> **WORK INSTRUCTION**
Starting at the first line of the listing below, retype each line up to and including the one that contains "Injen 06-09 FJ". Leave pictures out.

======

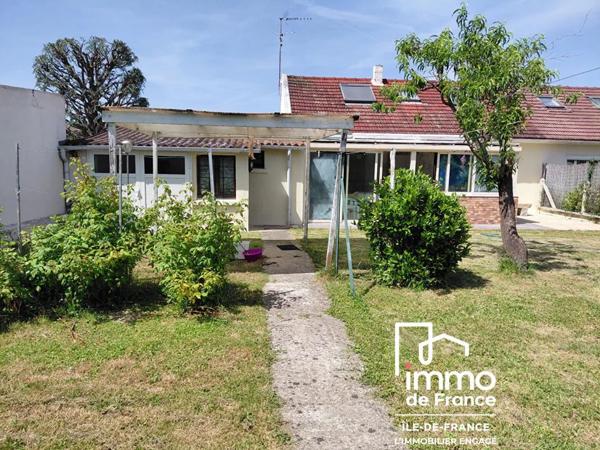 Maison à vendre à Plaisir (78370)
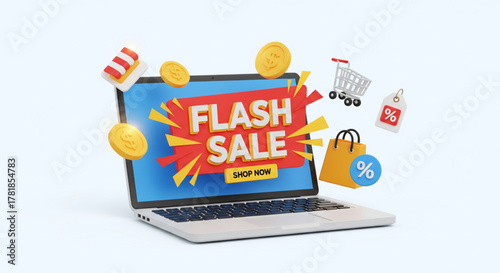 Get Ready for an Amazing Flash Sale! Incredible Discounts and Special Offers Available Now Online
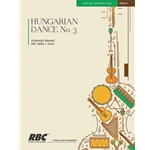 Hungarian Dance No. 3 (Score)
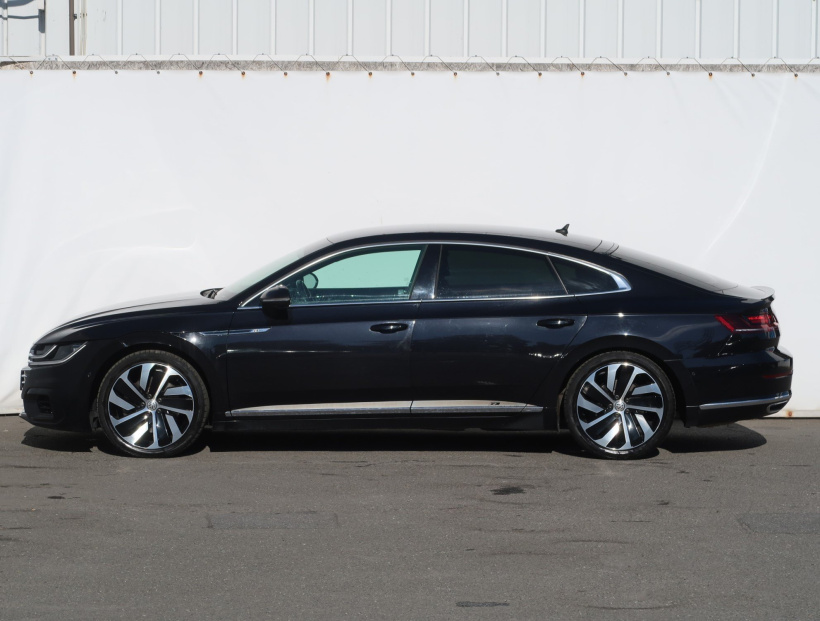 Volkswagen Arteon, 2017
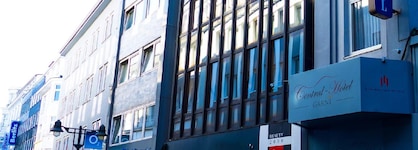City Partner Central-Hotel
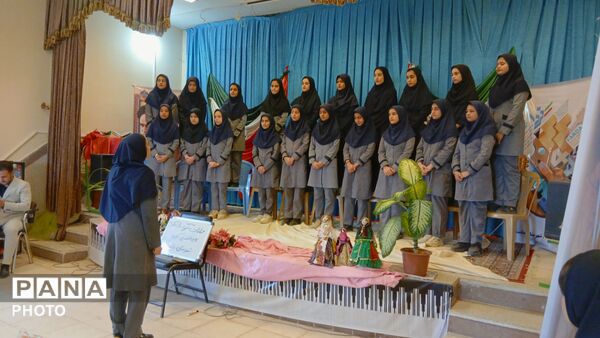 جشنواره فرهنگی و هنری «فردا» در خانمیرزا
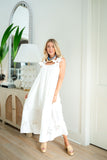 THE PALM COAST DRESS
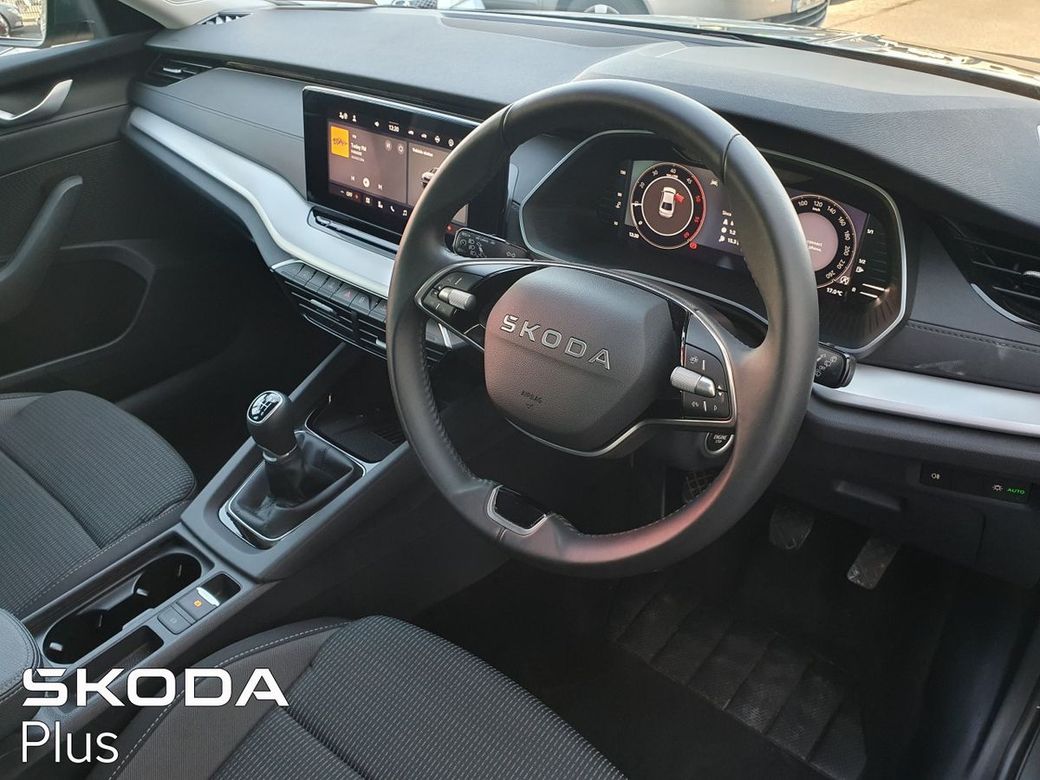2025 Skoda Octavia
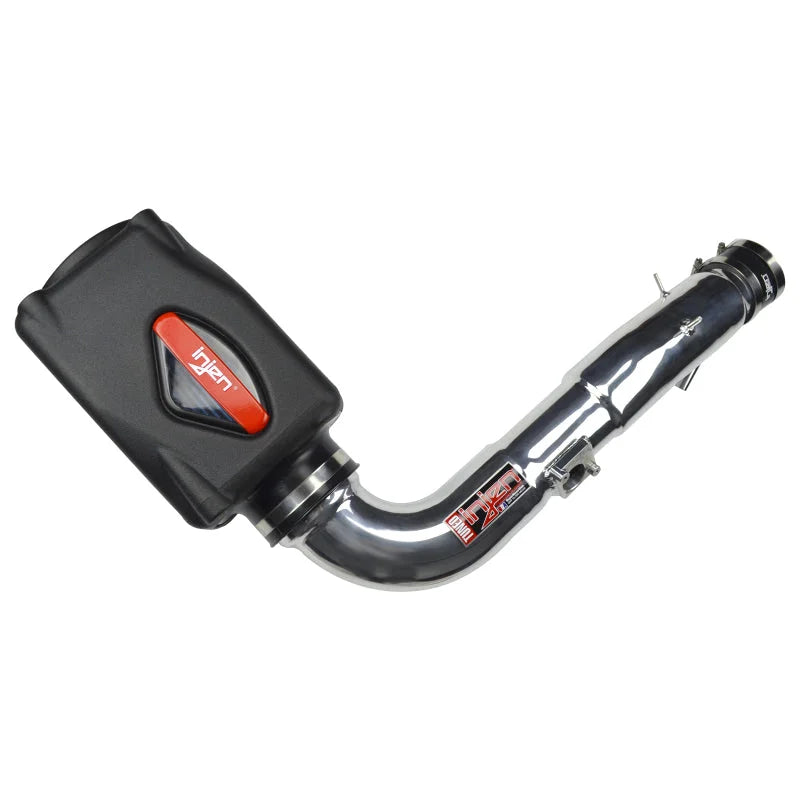 Injen 06-09 FJ 4.0L V6 w/ Power Box Polished Power-Flow Air Intake System - Additional View 9
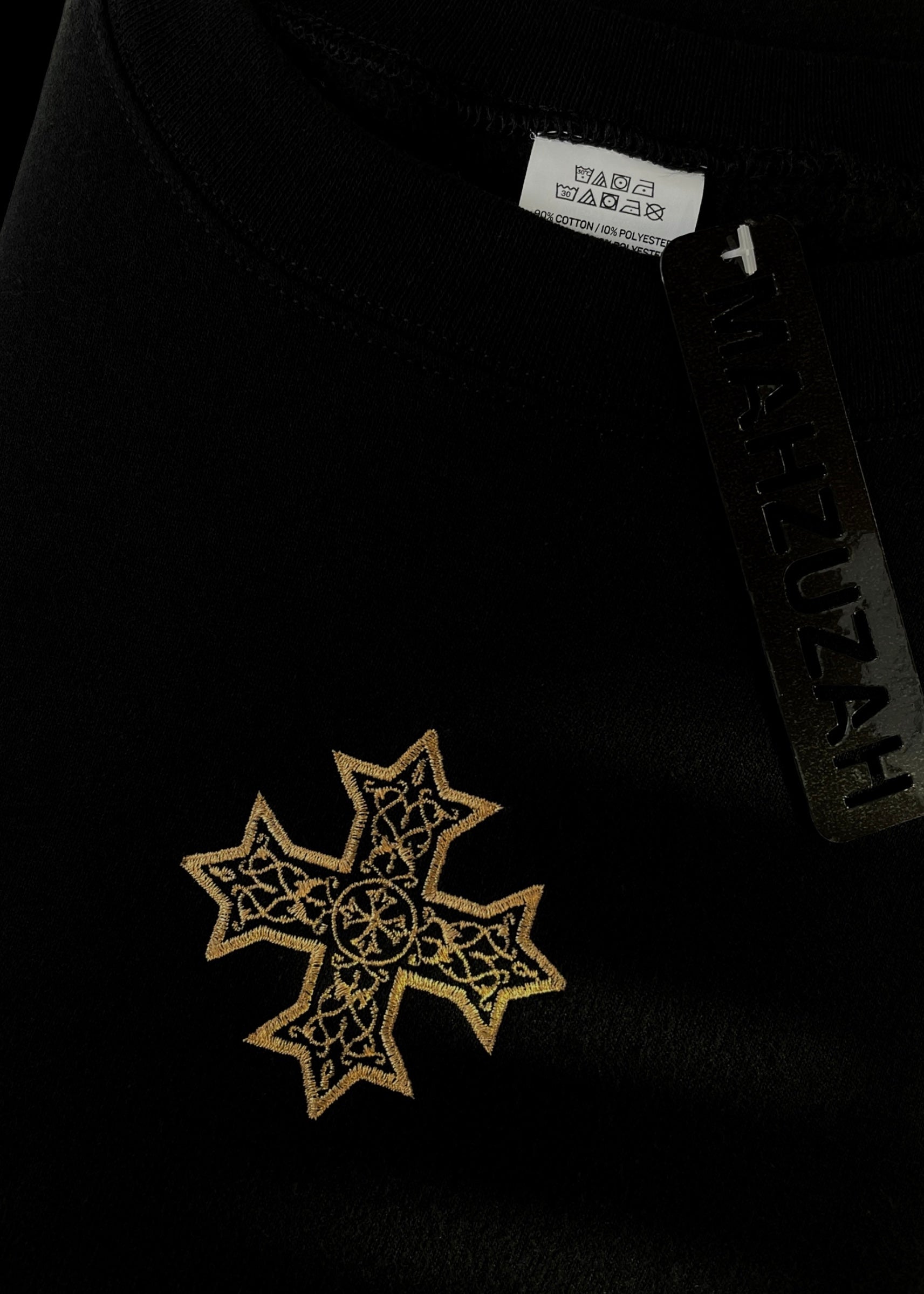 [DEAL SWEATSHIRT] Embroidered Coptic Cross Sweatshirts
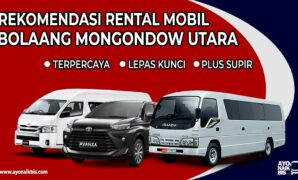 Rental Mobil Bolaang Mongondow Utara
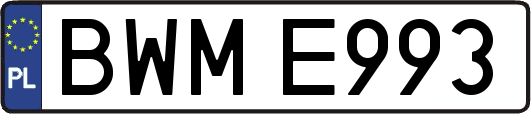 BWME993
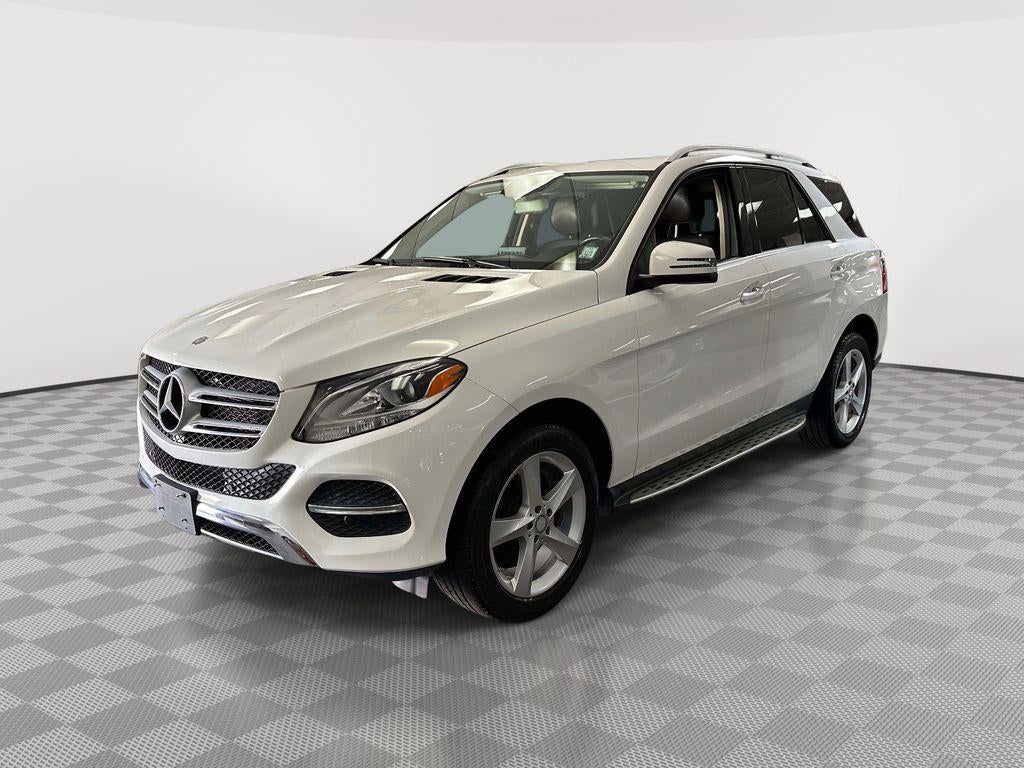 2016 Mercedes-Benz GLE 350 4MATIC®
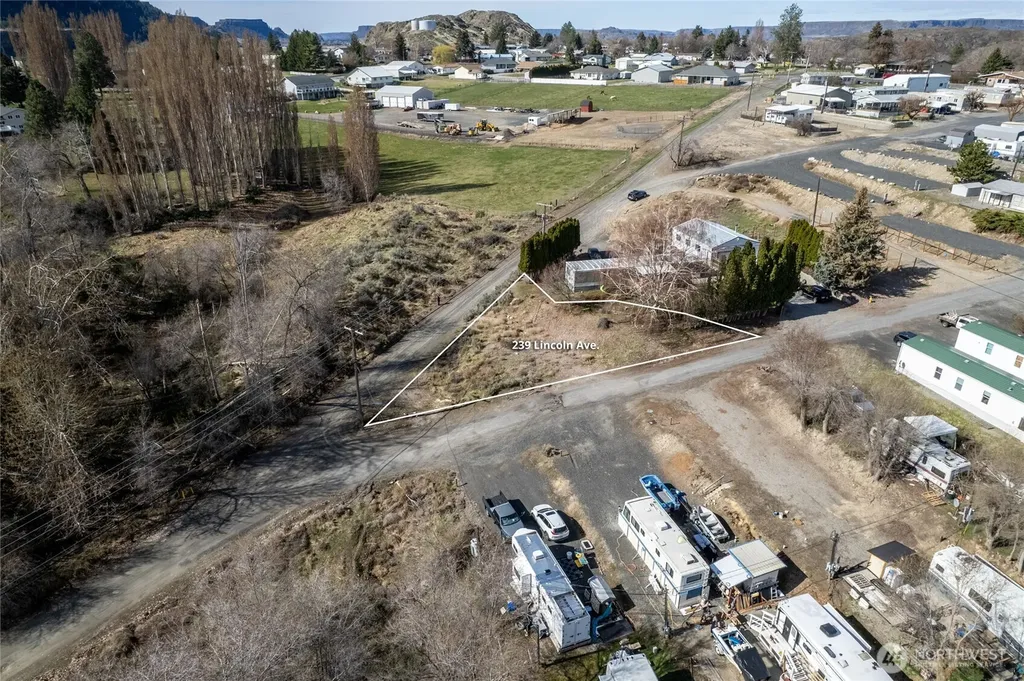 239 Lincoln Avenue Electric City WA 99123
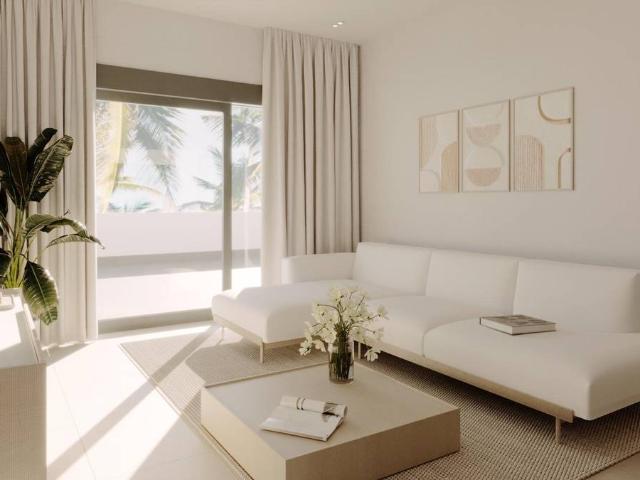 Apartamento en venta en la Marina Baixa, Valencia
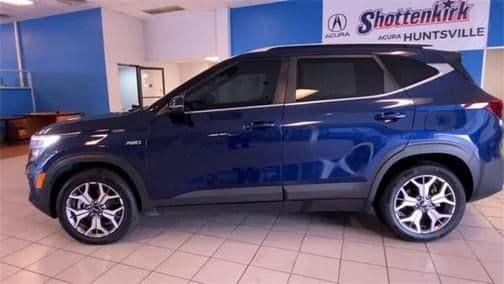 2021 kia seltos ex in huntsville, alabama
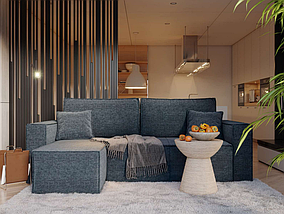 Диван кутовий розкладний Sky/Скай 244 см TM Matroluxe, фото 6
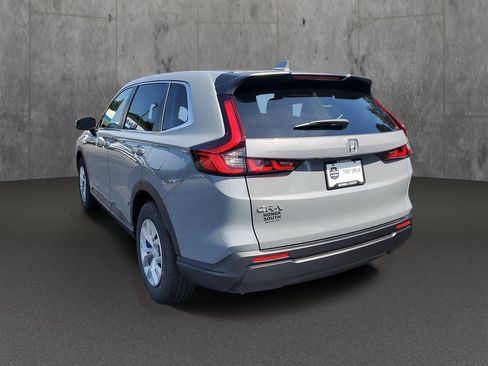 New 2026 Honda CR-V LX image 4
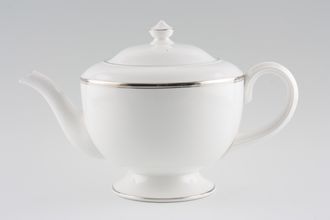 Royal Worcester Silver Jubilee Teapot 2pt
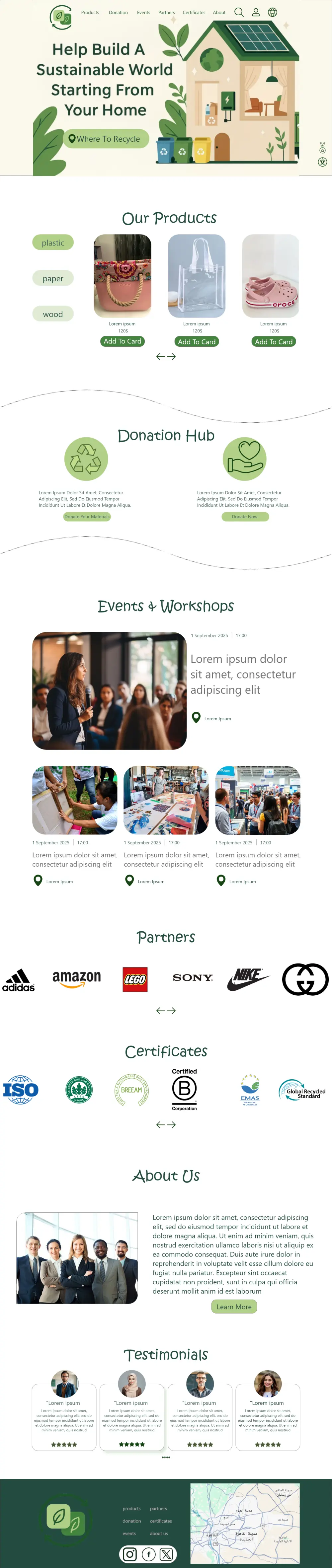 تصميم واجهات استخدام عصرية ومتجاوبة لتطبيقك أو موقعك UI/UX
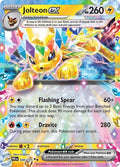 Prismatic Evolutions Jolteon ex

======

> **ANSWER FOR THIS EXERCISE**
 Maison à vendre à Plaisir (78370)
 Get Ready for an Amazing Flash Sale! Incredible Discounts and Special Offers Available Now Online
 Hungarian Dance No. 3 (Score)
 Volkswagen Arteon, 2017
City Partner Central-Hotel
 جشنواره فرهنگی و هنری «فردا» در خانمیرزا
 THE PALM COAST DRESS
2025 Skoda Octavia
 Injen 06-09 FJ 4.0L V6 w/ Power Box Polished Power-Flow Air Intake System - Additional View 9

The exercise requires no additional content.